Why APIs are hard to test¶
APIs have a larger and more complex attack surface than most testers expect. Understanding why helps calibrate the effort required for a thorough assessment and explains why partial testing consistently misses significant vulnerabilities.
The surface is bigger than the documentation¶
Documented endpoints are the starting point, not the complete picture. Deprecated versions remain live. Internal endpoints are reachable from the internet. Test automation, mobile clients, and third-party integrations call endpoints that are never linked from the public documentation. A test that only covers the documented surface will miss these.
Use case propagation¶
Traditional UI testing checks whether the application produces the expected output for given inputs. API testing is different because the API is the hub of logic for multiple consuming applications, each with its own use case model. The number of meaningful input combinations grows with each integration. Full coverage is not achievable; prioritisation based on impact is.
Connected systems¶
APIs aggregate data from other APIs and backend systems. Testing one API in isolation does not test the chain: a request that appears safe at the API layer may trigger unsafe behaviour in a downstream service that trusts the API’s input without further validation.
Versioning¶
A well-managed API maintains multiple versions simultaneously. Each version may have different security controls.
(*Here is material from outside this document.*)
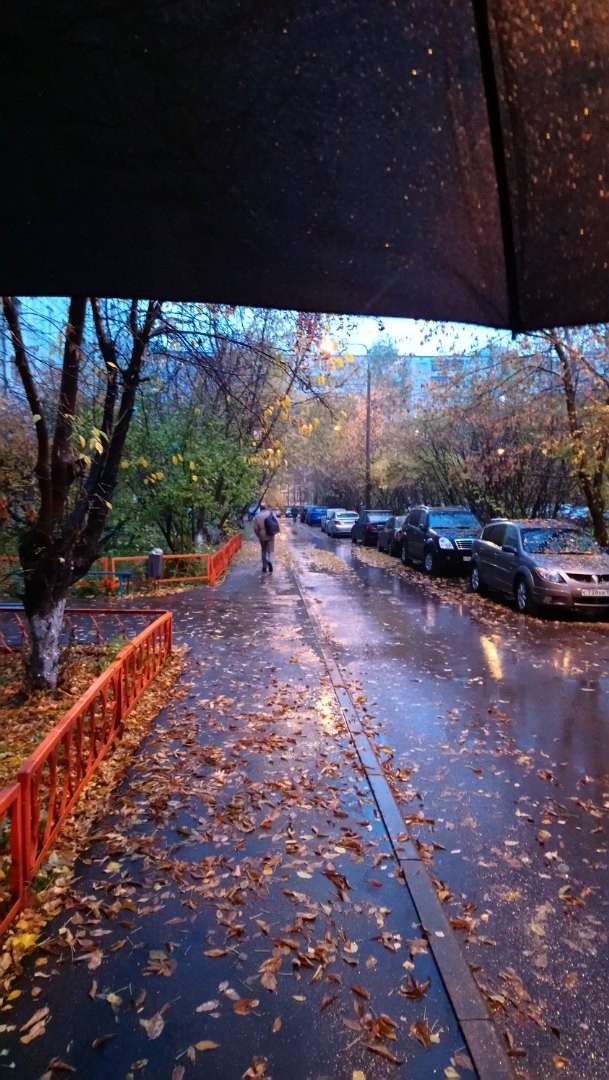 Road to work - My, Autumn, Rain, Calmness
Version 1 of an endpoint may lack input validation added in version 2. Rate limits, authentication requirements, and authorisation checks added to a new version are not automatically backported to old ones.
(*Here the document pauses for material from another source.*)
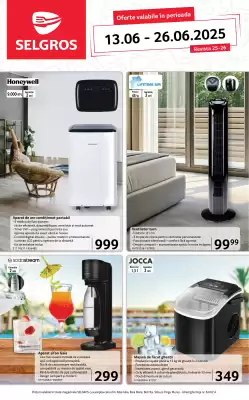 Catalog Selgros (valid până la 26-06)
Testing the current, documented version and assuming older versions are equivalent is one of the most common ways to miss significant vulnerabilities.
Synchronous and asynchronous operations¶
A single API call can trigger multiple backend operations, some synchronous and some asynchronous. The immediate response may succeed; a queued operation may process the input differently later. Race conditions, time-of-check/time-of-use vulnerabilities, and delayed injection effects are harder to detect than immediate responses.
The shift from endpoint testing to system testing¶
Testing individual endpoints in isolation answers the wrong question. An endpoint that behaves correctly on its own may participate in a workflow that produces unintended outcomes when used at scale, out of sequence, or in combination with other legitimate calls. The vulnerabilities that matter now live in the state machine, not the input validator.
Business logic flaws do not produce anomalous HTTP responses. The calls are authenticated, authorised, and within documented parameter ranges. No scanner detects them. Finding them requires understanding what the API is designed to do and then systematically attempting outcomes the designer did not test: racing a balance check, skipping a workflow step, chaining two legitimate operations to produce a third outcome neither was designed to enable.
The tester who only asks “does this endpoint behave correctly?” will miss most of the attack surface. The useful question is: “what can someone achieve using this system over time, across multiple sessions, in combinations the developer did not anticipate?”